Sur question d’un avocat des parties civiles, le témoin rappelle qu’il a bien été condamné à la réclusion à perpétuité. Il a plaidé coupable pour avoir participé aux massacres de Kabakobwa (NDR. Pour lesquels monsieur MUNYEMANA a bénéficié d’un non-lieu), pour avoir dénoncé des Tutsi qui se cachaient chez lui et pour le meurtre d’un jeune Hutu, Frédéric, avec lequel il avait eu un différent. En plaidant coupable, il ne comptait pas sur une remise de peine car on l’avait aussi accusé de viol. Il connaît bien MUNYANEZA, son codétenu à Huye.

Madame Sophie HAVARD, l’avocate générale, fait remarquer que le témoin, entendu six fois, avait été constant concernant le rôle de Sosthène MUNYEMANA lors de la venue de KANYABASHI. Si le directeur de la prison ne signale pas la présence de MUNYEMANA, c’est parce qu’il ne le connaissait pas. Le témoin confirme.

Maître DUPEUX, pour la défense, rappelle les propos de MUNYERAGWE: « Si je dis que ne connais pas Sosthène, c’est la vérité. »

« Vous avez dit qu’après avoir vu les cadavres, poursuit l’avocat, vous auriez suggéré au bourgmestre d’arrêter les tueurs. C’est la première fois que vous dites cela. Pourquoi aujourd’hui? Si vous l’aviez dit plus tôt, cela aurait pu plaider en votre faveur! » (NDR. Madame l’avocate générale fait remarquer que ce n’est pas la première fois que le témoin tient de tels propos.)

Le témoin de répondre:  «Je vous ai dit que je ne suis pas innocent. J’ai plaidé coupable et demandé pardon. »

Avant la suspension de l’audience, la parole est donnée à monsieur MUNYEMANA. Il conteste avoir été présent aux côtés de Joseph KANYABASHI, comme l’affirme le témoin. « Du 20 au 22 avril, j’étais confiné chez moi, je n’ai pas bougé de la maison. Je n’ai même pas entendu dire que le bourgmestre de Ngoma soit venu à Tumba. » Et de poursuivre, sur question de la défense: « Je n’avais pas d’épée, je ne me suis jamais accoutré de la façon dont on me décrit. » Ce que conteste madame HAVRAD, l’accusé est bien sorti de chez lui pour aller au marché de Rango.

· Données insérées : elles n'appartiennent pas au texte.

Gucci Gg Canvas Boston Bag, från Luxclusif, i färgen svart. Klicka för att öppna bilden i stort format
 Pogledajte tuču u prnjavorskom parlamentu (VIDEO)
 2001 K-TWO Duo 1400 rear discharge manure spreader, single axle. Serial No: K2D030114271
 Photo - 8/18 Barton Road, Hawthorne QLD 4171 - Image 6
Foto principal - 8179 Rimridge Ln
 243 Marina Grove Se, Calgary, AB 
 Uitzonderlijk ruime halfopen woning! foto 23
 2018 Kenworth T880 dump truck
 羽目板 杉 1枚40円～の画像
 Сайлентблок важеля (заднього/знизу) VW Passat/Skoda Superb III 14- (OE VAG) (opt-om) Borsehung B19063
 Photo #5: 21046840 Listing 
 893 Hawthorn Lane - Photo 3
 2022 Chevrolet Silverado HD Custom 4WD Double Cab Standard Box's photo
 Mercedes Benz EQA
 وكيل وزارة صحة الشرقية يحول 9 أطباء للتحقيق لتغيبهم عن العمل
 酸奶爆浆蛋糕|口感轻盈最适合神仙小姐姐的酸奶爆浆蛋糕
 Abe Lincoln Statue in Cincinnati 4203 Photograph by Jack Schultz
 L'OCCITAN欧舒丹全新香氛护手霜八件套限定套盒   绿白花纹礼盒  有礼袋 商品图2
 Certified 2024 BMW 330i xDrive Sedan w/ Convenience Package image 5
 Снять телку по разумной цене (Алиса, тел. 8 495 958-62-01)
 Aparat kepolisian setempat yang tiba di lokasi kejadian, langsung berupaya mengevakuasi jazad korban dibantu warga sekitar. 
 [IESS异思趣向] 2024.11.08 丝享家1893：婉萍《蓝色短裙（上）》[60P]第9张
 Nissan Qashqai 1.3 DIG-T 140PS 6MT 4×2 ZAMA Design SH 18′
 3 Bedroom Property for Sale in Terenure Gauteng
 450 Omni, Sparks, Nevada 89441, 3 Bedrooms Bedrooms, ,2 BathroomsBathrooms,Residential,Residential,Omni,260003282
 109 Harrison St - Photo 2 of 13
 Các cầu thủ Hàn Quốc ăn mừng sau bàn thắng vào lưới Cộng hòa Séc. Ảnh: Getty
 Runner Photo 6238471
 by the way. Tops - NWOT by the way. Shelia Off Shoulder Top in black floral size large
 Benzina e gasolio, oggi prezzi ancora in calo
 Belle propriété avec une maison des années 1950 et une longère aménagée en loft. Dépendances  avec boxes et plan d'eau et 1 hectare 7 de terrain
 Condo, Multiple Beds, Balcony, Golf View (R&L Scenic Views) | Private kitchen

L’après-midi va être consacré à la lecture des auditions d’un témoin que les parties civiles regrettent de ne pouvoir entendre: Vincent KAGERUKA, le seul rescapé du bureau de secteur de Tumba, réfugié en Norvège, est récemment décédé. 

Pendant près de 2h30, monsieur le président Marc Sommmérer va lire les différentes auditions ou documents qui concernent monsieur Vincent KAGERUKA, malheureusement récemment décédé.

Le premier document est celui établi par la gendarmerie de Butare, non daté. Est évoquée la réunion du 17 avril 1994 au cours de laquelle est prise la décision d’installer des barrières pour contenir les attaques éventuelles de l’ennemi. On désigne des chefs de rondes: Sosthène MUNYEMANA est nommé chef de la cellule de Amajyambere. Lors de cette réunion, l’accusé va créer la panique dans la population en annonçant qu’il a accueilli chez lui des Hutu venus de la région dont sa femme est originaire et que les Inkotanyi ont commencé à tuer les Hutu.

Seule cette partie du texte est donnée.